TASK REQUIREMENTS:
Exact copy, pictures excluded: please retype every record below.

PROVIDED RECORDS:
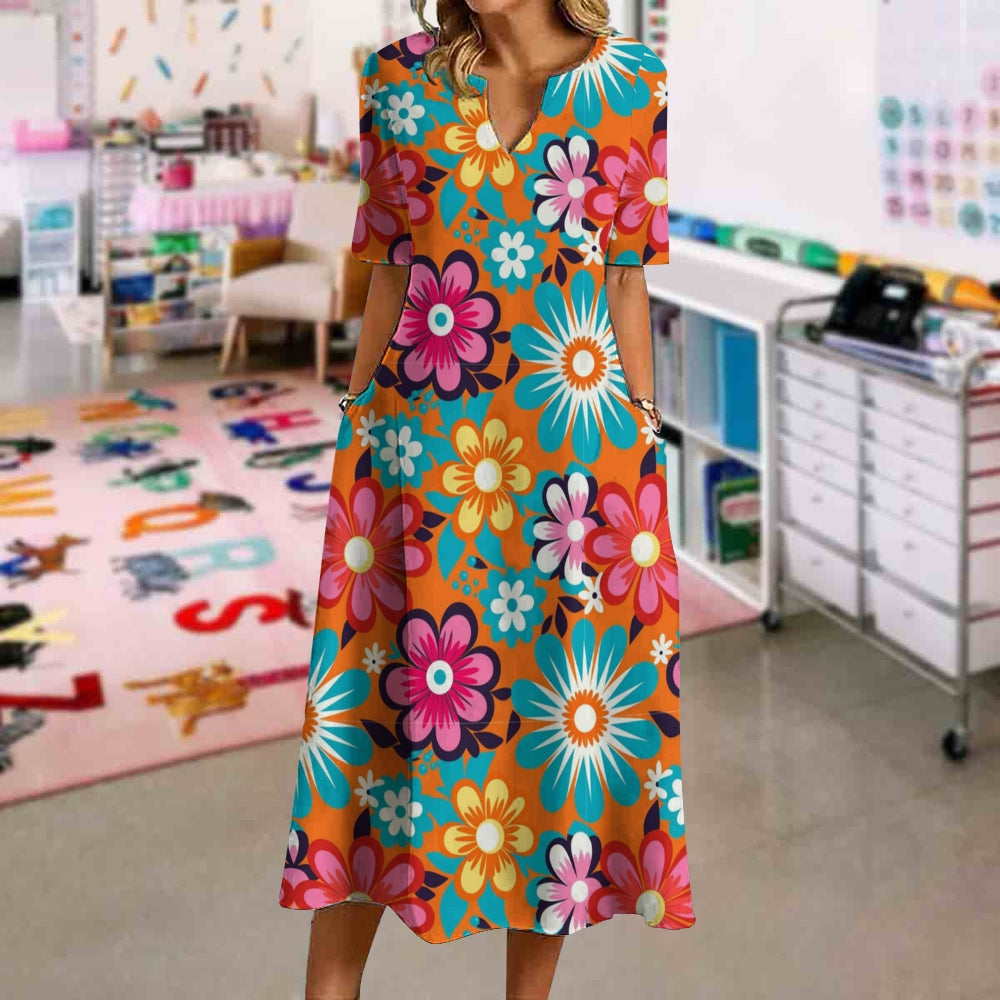 Summer Contrast Floral Dress for a Stunning Look Dress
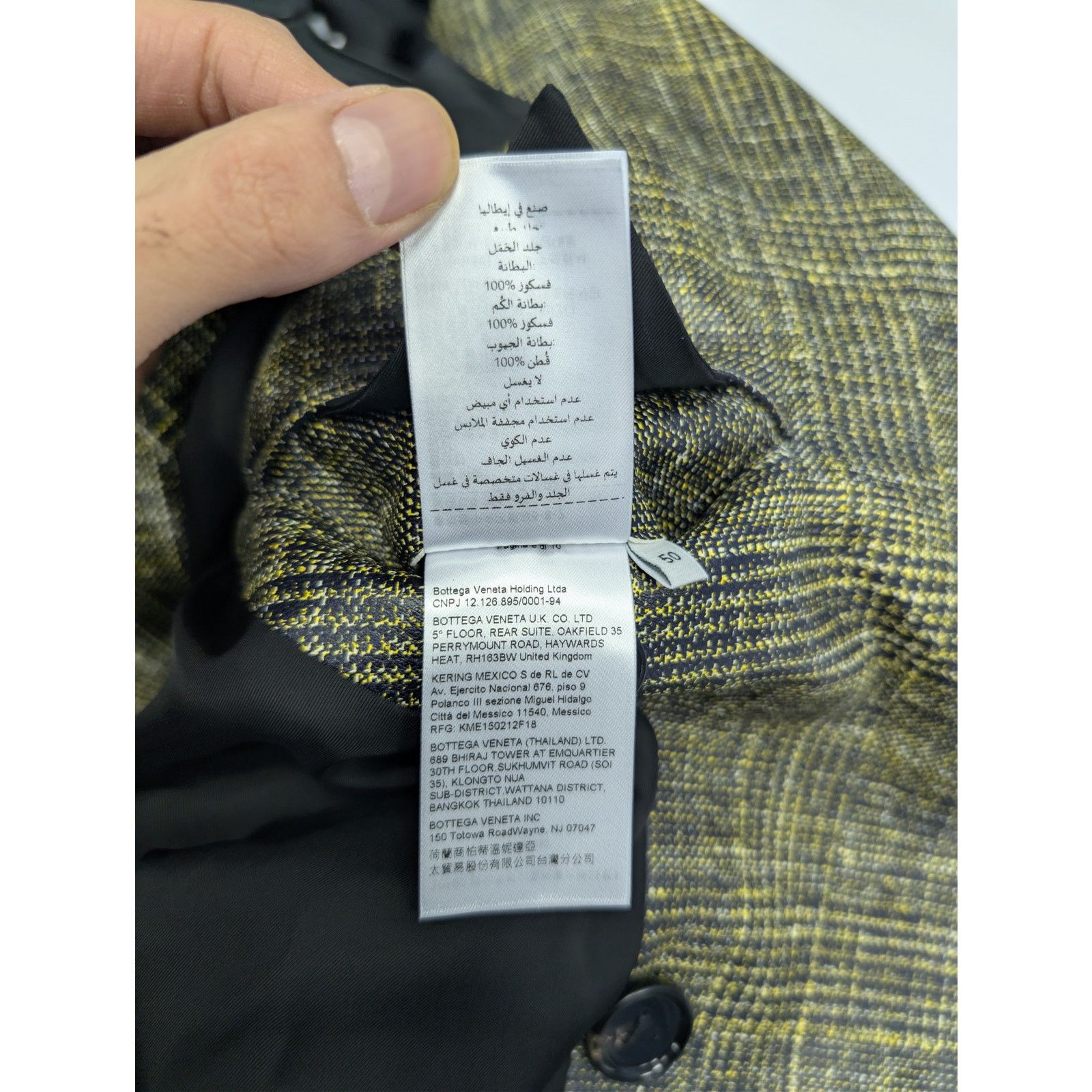 Bottega Veneta o1rshd1 double-breasted Printed Leather Pow Coat Multicolor Size US M / EU 48-50 / 2 - 18 Thumbnail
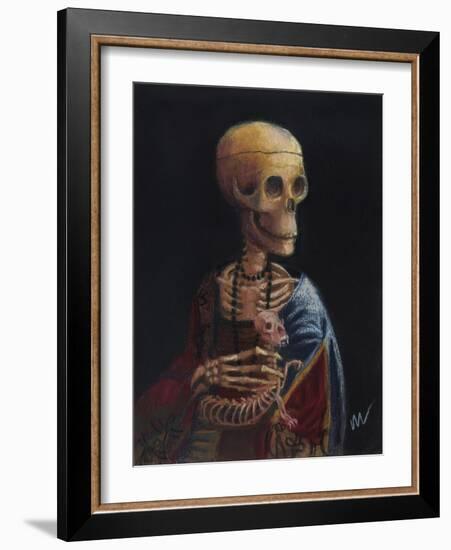 Skelly With A Ferret-Marie Marfia Fine Art-Framed Giclee Print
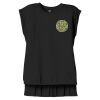 Women's Flowy Muscle Tee With Rolled Cuffs Thumbnail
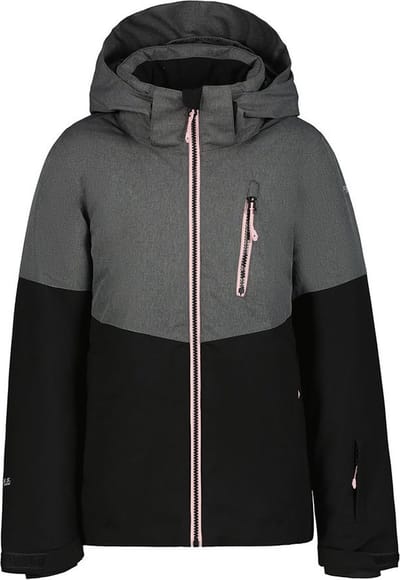 Icepeak Lanett Jr Jas Zwart,Grijs 6-7 Years Meisjes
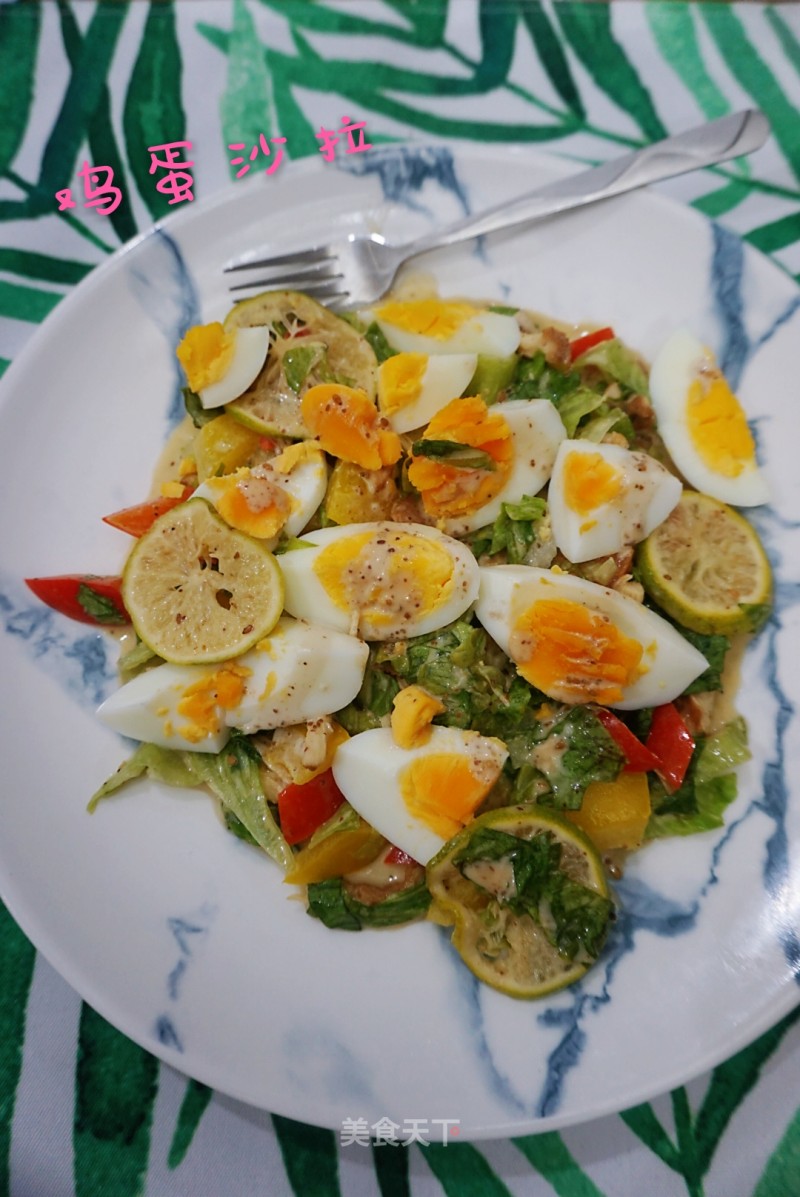 Egg Lettuce Salad recipe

OUTPUT:
 Summer Contrast Floral Dress for a Stunning Look Dress
 Bottega Veneta o1rshd1 double-breasted Printed Leather Pow Coat Multicolor Size US M / EU 48-50 / 2 - 18 Thumbnail
 Skelly With A Ferret-Marie Marfia Fine Art-Framed Giclee Print
 Women's Flowy Muscle Tee With Rolled Cuffs Thumbnail
 Icepeak Lanett Jr Jas Zwart,Grijs 6-7 Years Meisjes
 Egg Lettuce Salad recipe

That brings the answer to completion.